ACTIVITY ▸
Below is a listing; print exactly its lines from the one containing "Elegantes Lámparas de" down to the one containing "Écouteurs Sans Fil Bavin BA32 TWS - Blanc", both inclusive, with every picture left out.

RECORDS FOR THIS TASK ▸
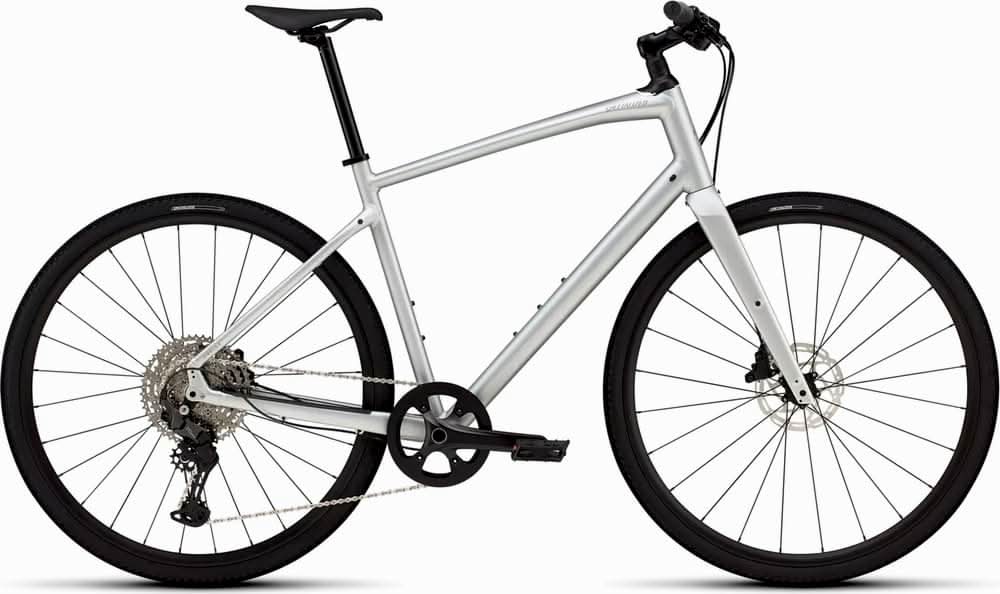 Paint for 2025 Specialized Sirrus X 4.0 - Satin Silver Dust - Rotaris B.V.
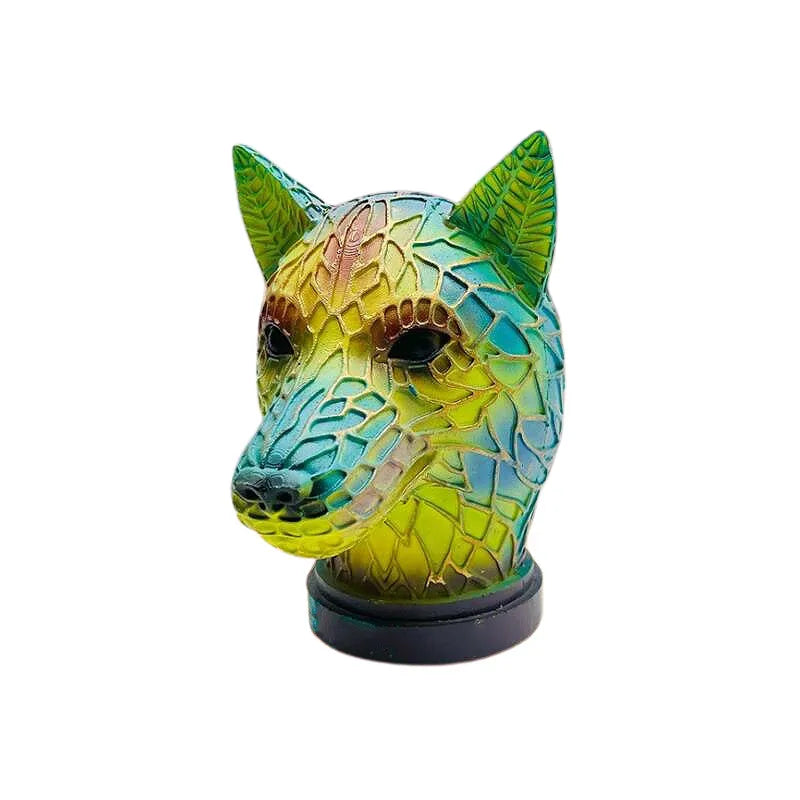 Elegantes Lámparas de Vidrio de 15cm: Animales y Fantasía para Decorar tu Hogar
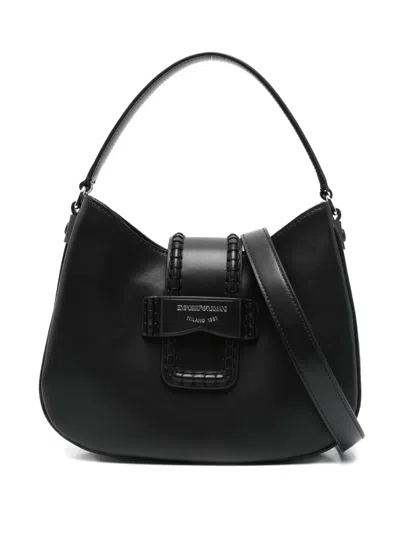 Emporio Armani Braided-detail Tote Bag In Black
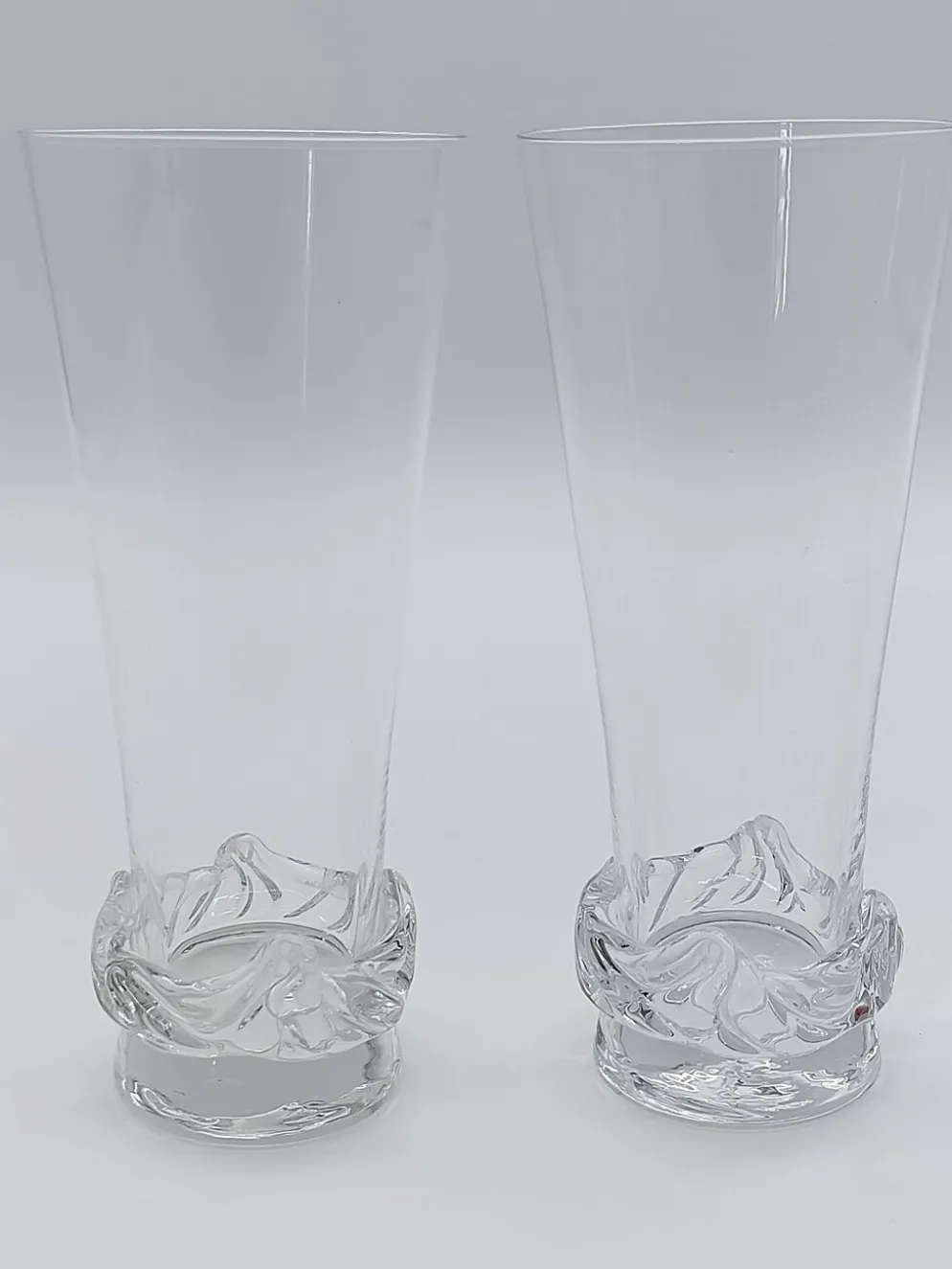 4 flûtes à champagne en cristal de Daum france modèle Sorcy
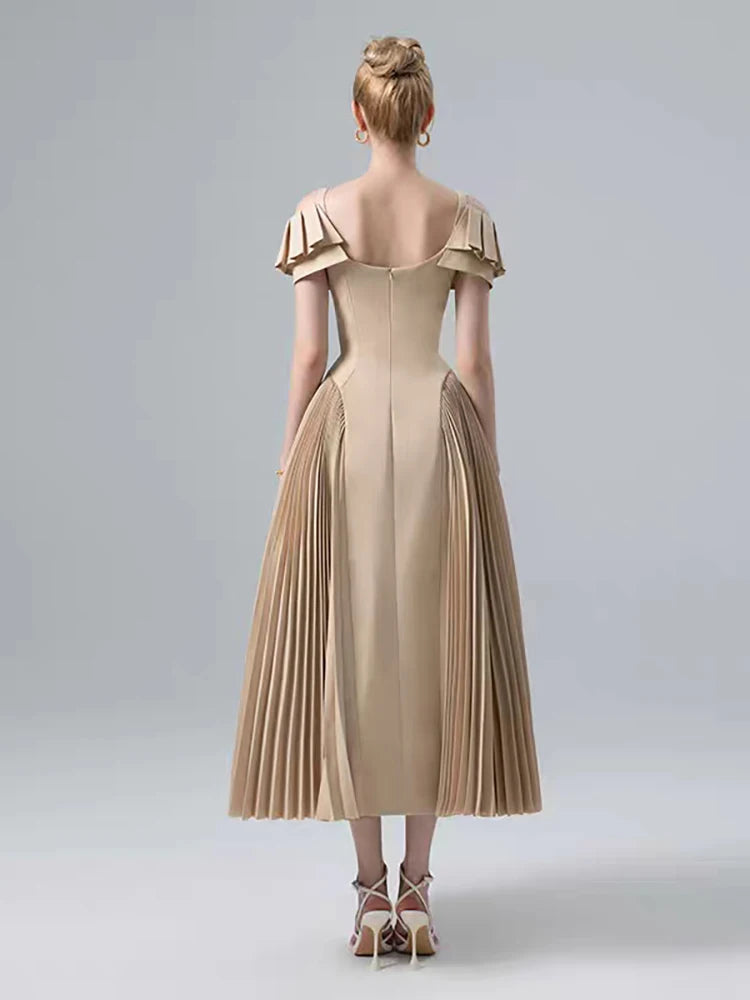 Camisole Backless Party Dress with Pleated and Patchwork Details For Women, SoHo, BYMANYC New York. - BYMANYC ® New York  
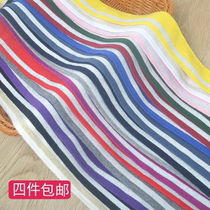 Pure cotton knit stretch striped ribbed neckline cuff thread DIY baseball suit T-shirt sportswear neckline closure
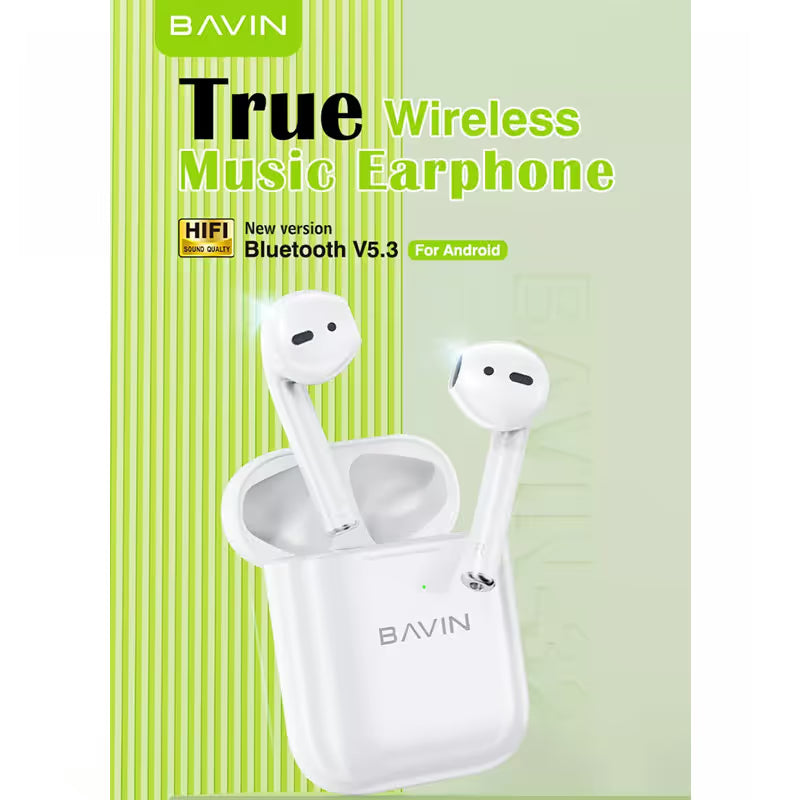 Écouteurs Sans Fil Bavin BA32 TWS - Blanc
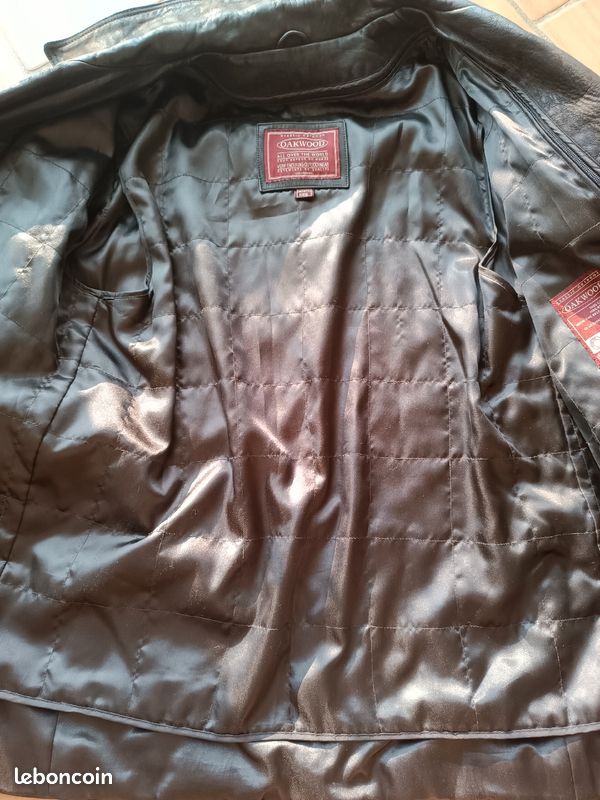 Veste en cuir oakwood (image 3)
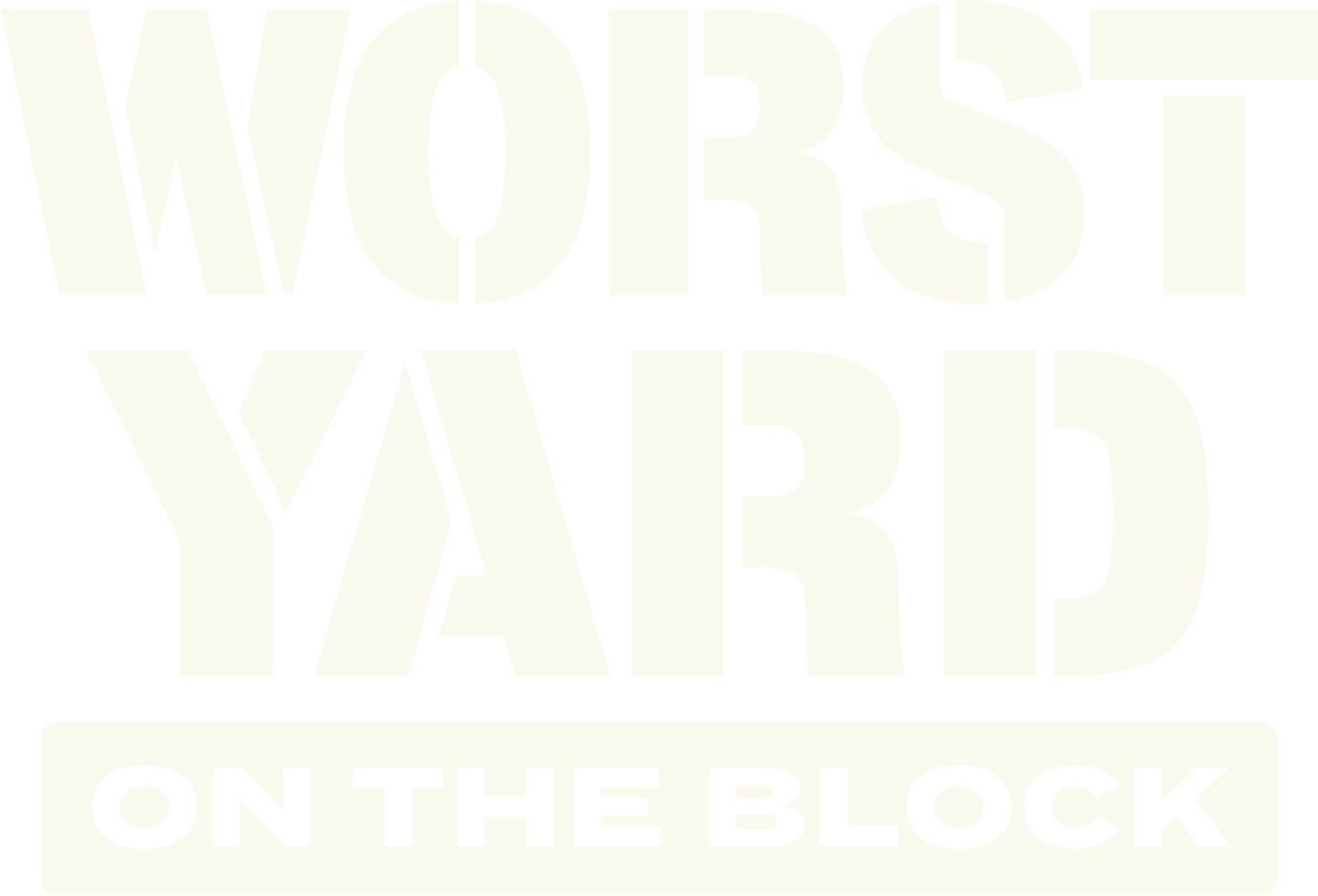 Worst Yard on the Block show logo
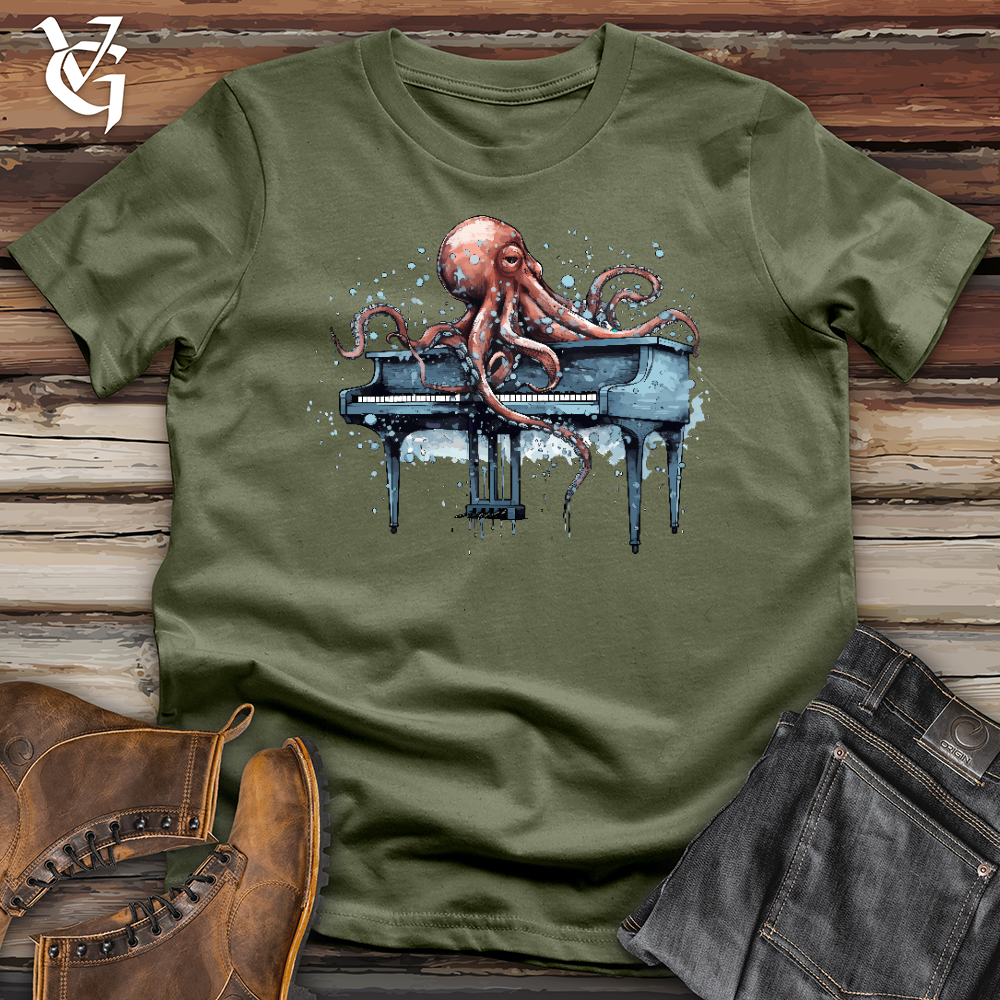 Octopus Pianist Softstyle Tee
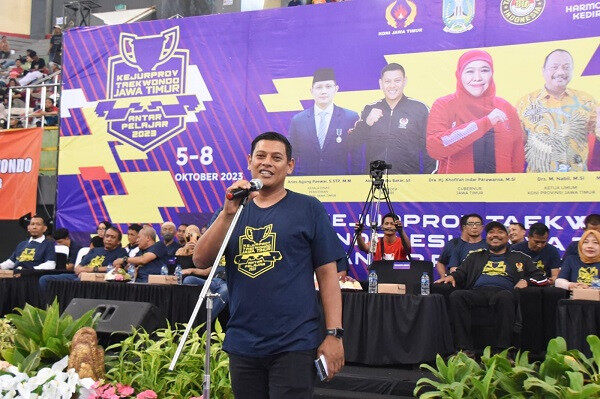 Kejurprov Taekwondo antar Pelajar se-Jawa Timur, Wali Kota Kediri Ingin Mengolahragakan Masyarakat
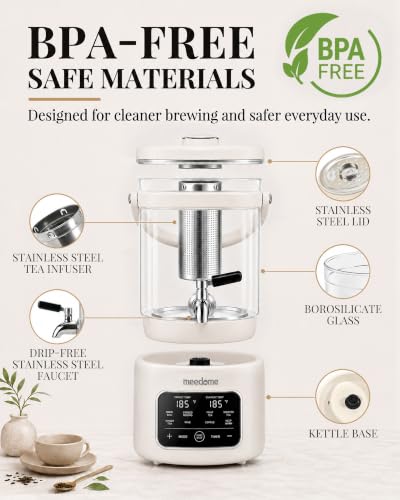 Meedome 3L Electric Kettle & Beverage Dispenser with Infuser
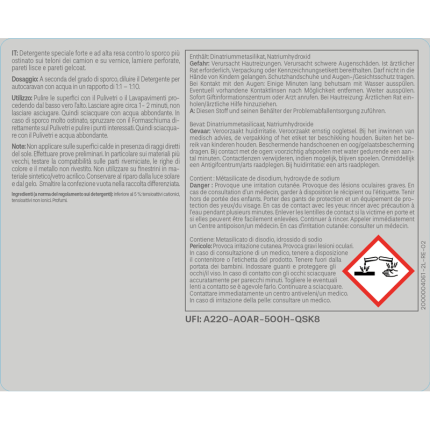 L'étiquette des substances dangereuses est affichée
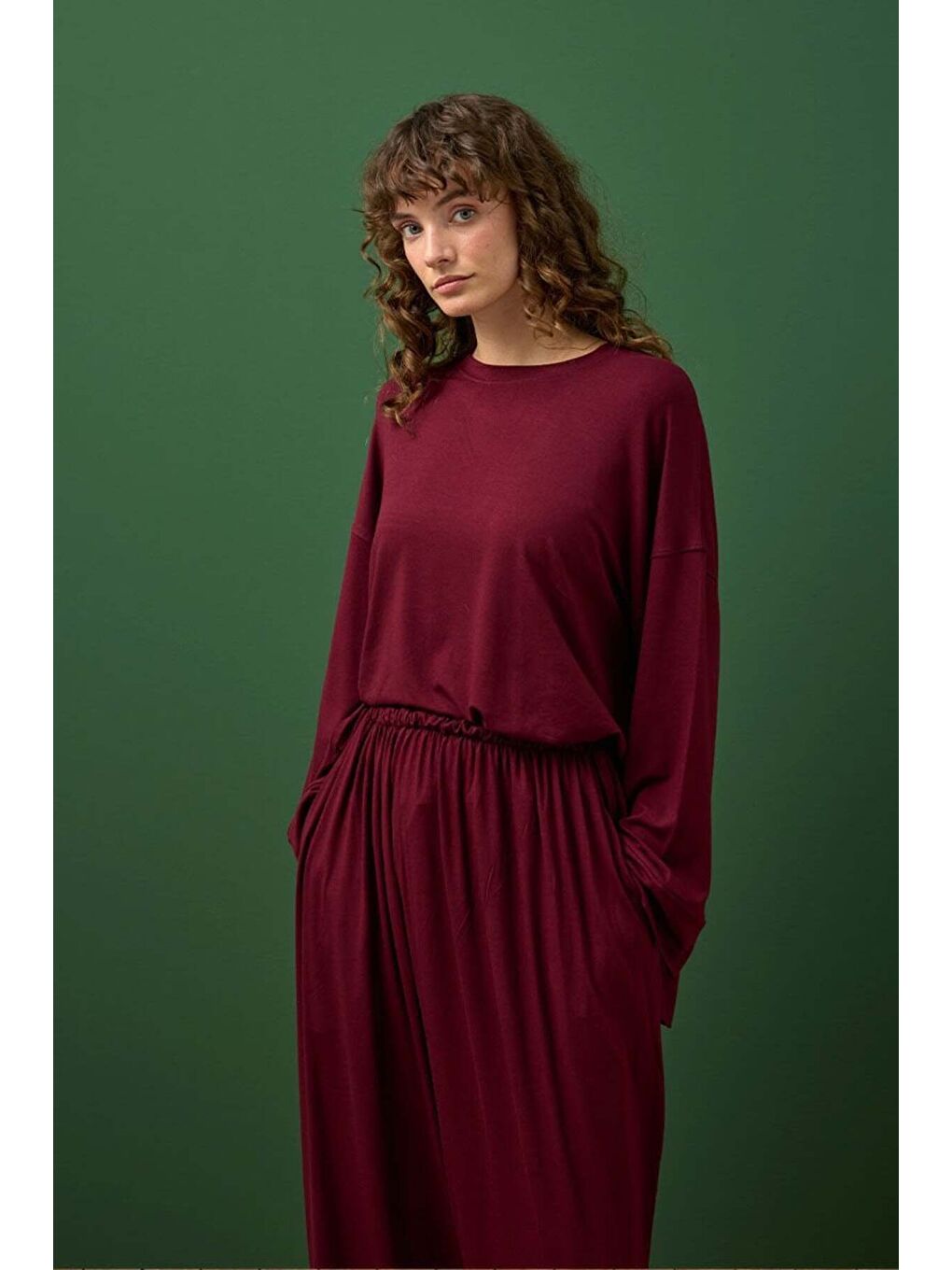 Bordo Viskon Relax Takım-2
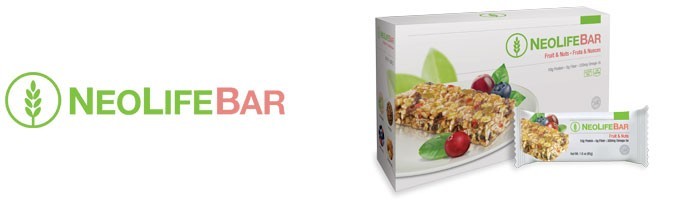 NeoLifeBar GNLD barretta snack ai cereali integrali, frutta secca e semi senza glutine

ANSWER SPACE ▸
 Elegantes Lámparas de Vidrio de 15cm: Animales y Fantasía para Decorar tu Hogar
 Emporio Armani Braided-detail Tote Bag In Black
 4 flûtes à champagne en cristal de Daum france modèle Sorcy
 Camisole Backless Party Dress with Pleated and Patchwork Details For Women, SoHo, BYMANYC New York. - BYMANYC ® New York  
 Pure cotton knit stretch striped ribbed neckline cuff thread DIY baseball suit T-shirt sportswear neckline closure
 Écouteurs Sans Fil Bavin BA32 TWS - Blanc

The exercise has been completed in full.